There is nothing new in the idea of trying to calm people down so that you won’t have to use force and everyone can go home safely. To help you, here are some suggested ways to communicate in a crisis situation.

  • Be authentic. A person in crisis will inevitably escalate. Then he or she may attempt to reach out for a real human connection. If this happens, you have options for trying to de-escalate the situation. By responding to the person as a friend trying to be helpful, you might be able to resolve the immediate event.
  • Respond rather than react. Reacting is saying the first thing that comes to mind. Responding is waiting a second, letting that first impulse pass, and then speaking appropriately. Everything that comes out of your mouth should serve the singular purpose of calming the person down.
  • Figure out what’s going on. You should be curious about what is going on from the other person’s perspective. Immerse yourself, even if it’s only for a few minutes, and become familiar with how he or she sees the situation. Take the time to ask questions to determine what the problem is instead of making statements or commenting.

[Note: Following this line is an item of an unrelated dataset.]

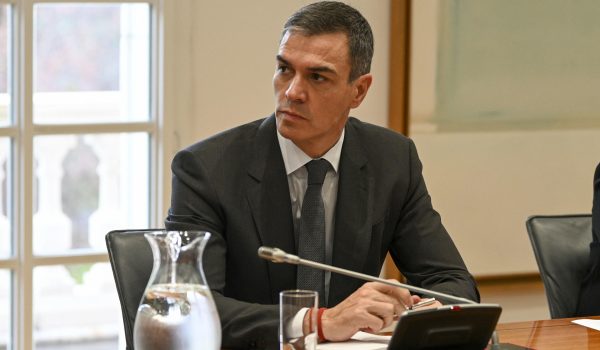 El Gobierno español moviliza 10.000 efectivos más por las inundaciones, ya con 211 muertos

  • Establish control. It’s important to remember that some adults need limits. Many times a person who feels out of control will respond favorably to the person who says “No.” It helps him or her feel protected. Establishing a limit is an approach based on the goal of calming the other person down.
  • Offer hope. Why should you help the agitated person who reaches out for life support? Because you really believe that by getting the needed help, he or she will be in a much better place in life. Remember that recovery is possible for people with schizophrenia, substance abuse, depression, and all the other major mental illnesses.